# Cinematic studio brass issue



## roustan (Dec 3, 2020)

Hello 
,

i have issue with CSS + CSB : with the sustain or flutter patch activate several notes freeze sometimes...(like a sustain pedal activate) Other patches are OK other library are ok spitfire, project sam..... I don't understand why! I work on cubase 11+kontakt 6.4.1+win10

If someone could help me ! thank you for your ideas...


----------



## Kent (Dec 4, 2020)

CSS/ CSB Hanging Notes


Cinematic Studio Strings and Brass are my go-tos and I love them to death. But I get so many hanging notes and particularly the CSB hanging notes can be earsplitting. I wonder if there is something wrong about the way that I'm using them that's causing it. I'm running in Logic X, and I...




vi-control.net










CSS/ CSB Hanging Notes


I'm having a strange thing happen with CSB with the muted brass patches... the notes don't play when you press the keys down, but only when you release the key. Anyone else have this? Very frustrating! Any idea what this could be @Alex W ? Edit: only with muted sustains, using Logic Pro x




vi-control.net


----------



## Toecutter (Dec 4, 2020)

Yes it's an issue in Kontakt 6.4. I get hanging notes with CSS, CSSS and CSB. I installed Kontakt 6.3.something and no problems whatsoever.


----------



## roustan (Dec 4, 2020)

You're right ! i've change with previous version of kontakt and it's OK !

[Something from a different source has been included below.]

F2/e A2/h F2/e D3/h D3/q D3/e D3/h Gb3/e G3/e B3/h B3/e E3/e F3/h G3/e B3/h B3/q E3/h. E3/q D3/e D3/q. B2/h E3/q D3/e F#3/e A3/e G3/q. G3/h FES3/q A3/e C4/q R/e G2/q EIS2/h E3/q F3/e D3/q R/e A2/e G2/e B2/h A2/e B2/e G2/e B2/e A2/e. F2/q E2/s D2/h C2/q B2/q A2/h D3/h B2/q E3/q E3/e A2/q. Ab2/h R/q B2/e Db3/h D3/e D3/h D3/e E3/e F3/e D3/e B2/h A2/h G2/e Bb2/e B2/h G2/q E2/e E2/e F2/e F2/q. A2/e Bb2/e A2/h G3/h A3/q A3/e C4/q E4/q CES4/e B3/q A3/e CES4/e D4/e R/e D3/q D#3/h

Thank you for your reply !


----------



## Bluemount Score (Dec 4, 2020)

Interesting. I don't have hanging notes with these libraries (but with others!), also using Kontakt 6.4


----------



## bfreepro (Dec 5, 2020)

I get hung notes all the time with CSS lately, never happened before :(


----------



## gohrev (Dec 14, 2020)

Same here with CSB, sadly. Cubase 10.5, Kontakt 6.4 :-(


----------



## bfreepro (Dec 14, 2020)

berlin87 said:


> Same here with CSB, sadly. Cubase 10.5, Kontakt 6.4 :-(


Yeah, CSB and CSS both do it. Driving me crazy lol


----------



## Rob Elliott (Dec 14, 2020)

Likewise - hanging notes - I got to get back to 6.3 as well. What is the preferred way to do that (uninstall then install - just install 6.3 OVER 6.4, ??)


----------



## gohrev (Dec 14, 2020)

Rob Elliott said:


> Likewise - hanging notes - I got to get back to 6.3 as well. What is the preferred way to do that (uninstall then install - just install 6.3 OVER 6.4, ??)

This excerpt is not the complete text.